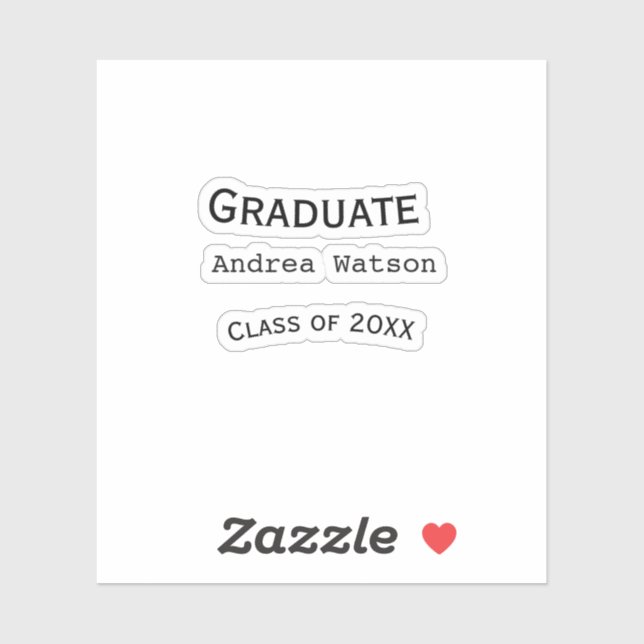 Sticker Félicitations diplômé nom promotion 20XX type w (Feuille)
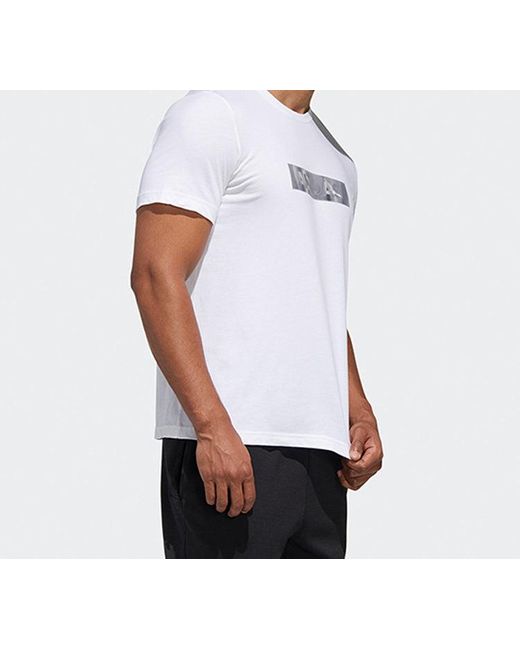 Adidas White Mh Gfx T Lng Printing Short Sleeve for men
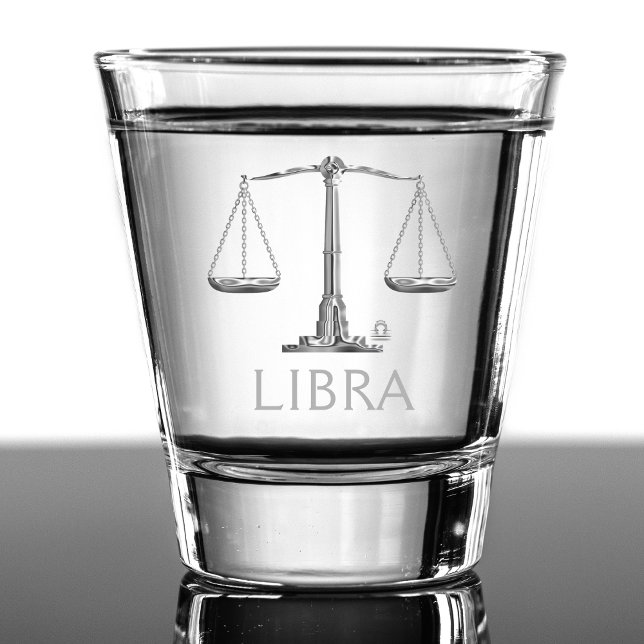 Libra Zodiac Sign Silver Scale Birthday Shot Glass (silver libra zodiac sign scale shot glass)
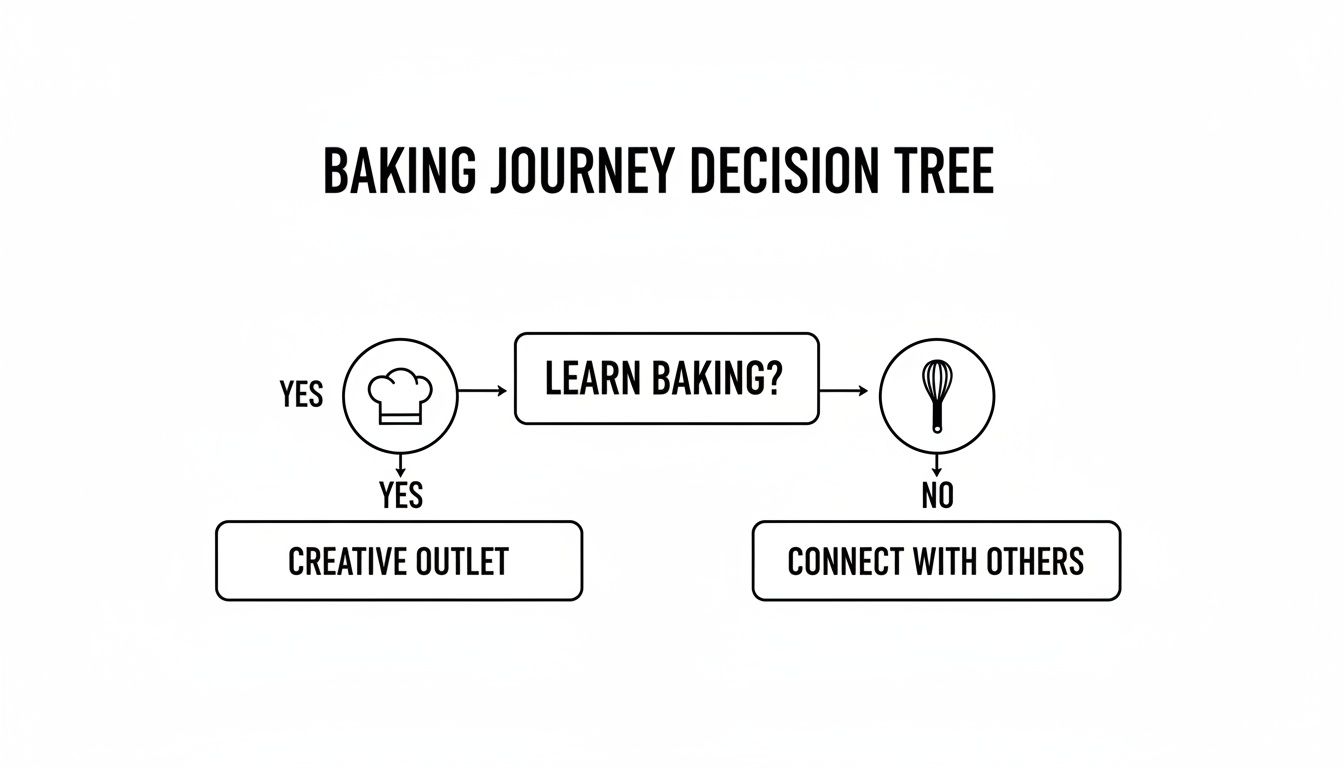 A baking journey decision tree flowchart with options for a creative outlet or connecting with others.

Task objective: Only the lines from the one containing "Adidas White Mh" through the end of the listing should be output, word for word and inclusive; keep pictures out.

Task response:
 Adidas White Mh Gfx T Lng Printing Short Sleeve for men
 Libra Zodiac Sign Silver Scale Birthday Shot Glass (silver libra zodiac sign scale shot glass)
 A baking journey decision tree flowchart with options for a creative outlet or connecting with others.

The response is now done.